#### Input data
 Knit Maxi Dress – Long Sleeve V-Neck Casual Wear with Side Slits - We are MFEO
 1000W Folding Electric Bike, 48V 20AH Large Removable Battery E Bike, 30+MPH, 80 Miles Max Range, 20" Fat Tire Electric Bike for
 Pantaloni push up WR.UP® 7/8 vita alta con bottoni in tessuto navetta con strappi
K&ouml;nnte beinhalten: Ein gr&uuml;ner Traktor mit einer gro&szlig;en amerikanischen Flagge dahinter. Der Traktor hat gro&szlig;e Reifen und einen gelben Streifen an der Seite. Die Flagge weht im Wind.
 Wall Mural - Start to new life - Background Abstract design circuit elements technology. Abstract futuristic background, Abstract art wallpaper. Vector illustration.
########
#### Input data
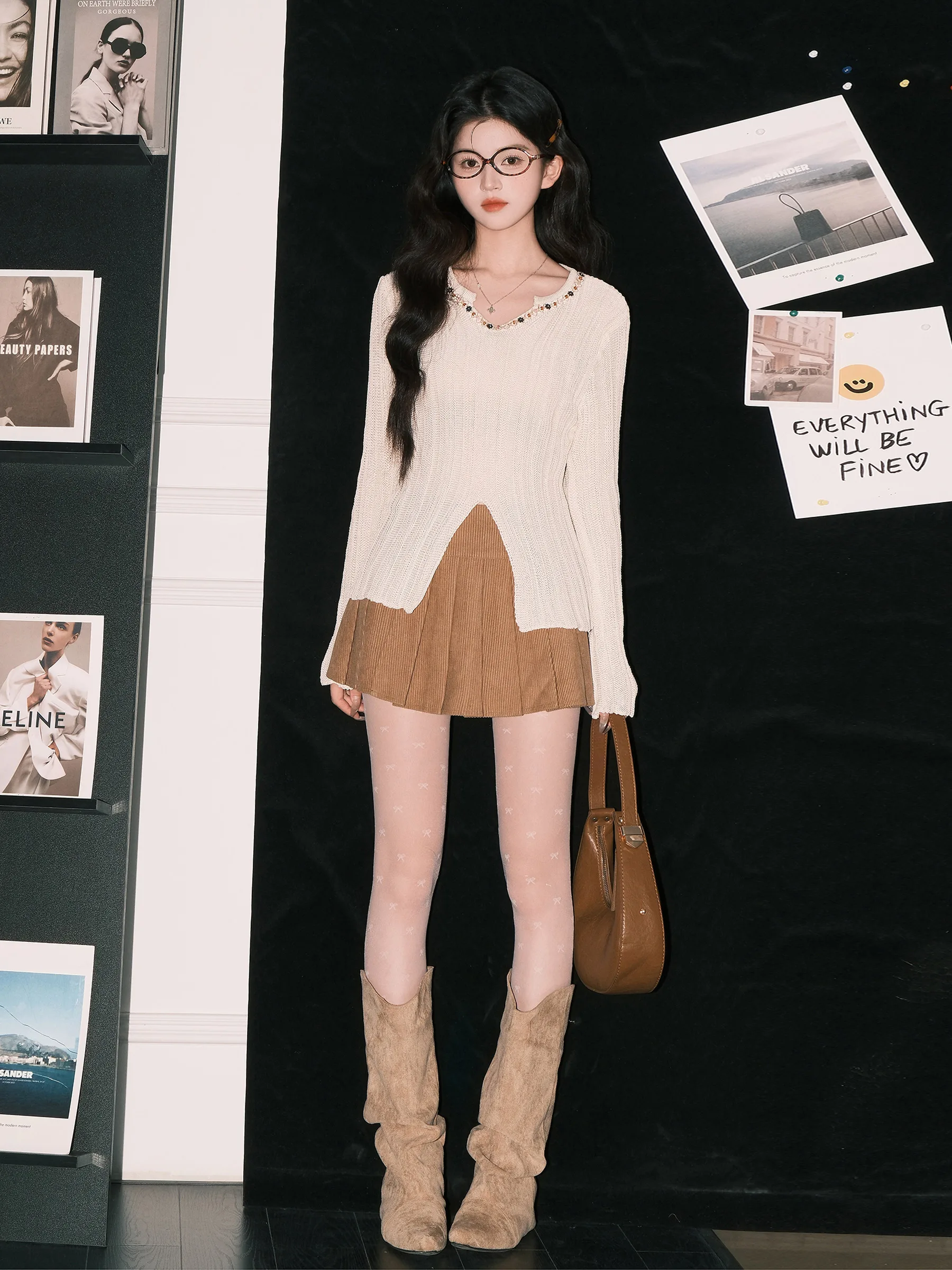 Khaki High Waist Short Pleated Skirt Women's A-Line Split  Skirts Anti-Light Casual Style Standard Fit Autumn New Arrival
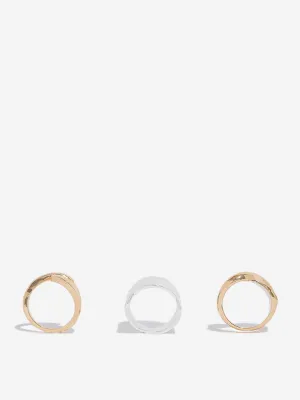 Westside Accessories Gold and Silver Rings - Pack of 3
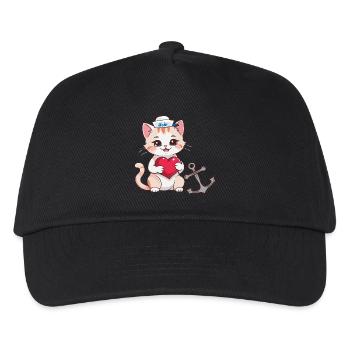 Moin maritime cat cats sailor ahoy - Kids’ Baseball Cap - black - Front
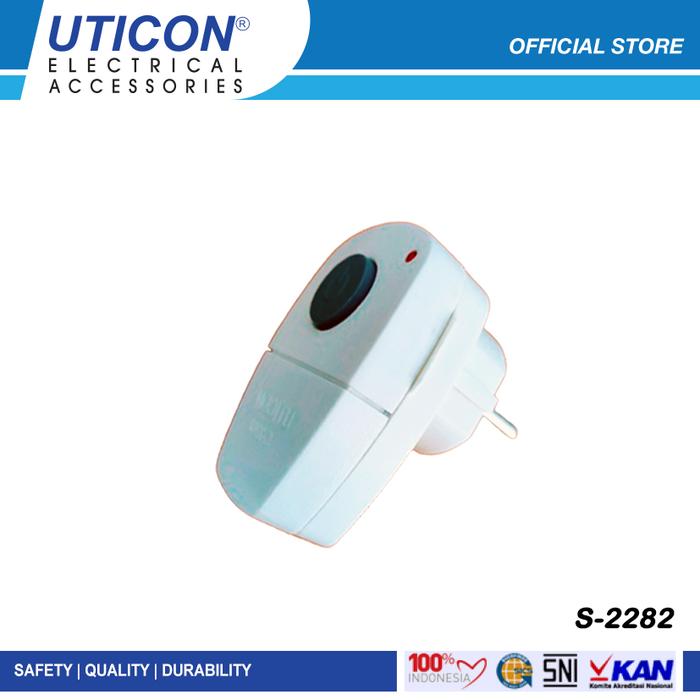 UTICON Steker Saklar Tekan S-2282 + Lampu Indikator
########
§ **What this task involves**
Would you output, from the records above, exactly the run of lines that starts at the line containing "Knit Maxi Dress" and ends at the line containing "Wall Mural - Start", and only that run?

§ **Response**
 Knit Maxi Dress – Long Sleeve V-Neck Casual Wear with Side Slits - We are MFEO
 1000W Folding Electric Bike, 48V 20AH Large Removable Battery E Bike, 30+MPH, 80 Miles Max Range, 20" Fat Tire Electric Bike for
 Pantaloni push up WR.UP® 7/8 vita alta con bottoni in tessuto navetta con strappi
K&ouml;nnte beinhalten: Ein gr&uuml;ner Traktor mit einer gro&szlig;en amerikanischen Flagge dahinter. Der Traktor hat gro&szlig;e Reifen und einen gelben Streifen an der Seite. Die Flagge weht im Wind.
 Wall Mural - Start to new life - Background Abstract design circuit elements technology. Abstract futuristic background, Abstract art wallpaper. Vector illustration.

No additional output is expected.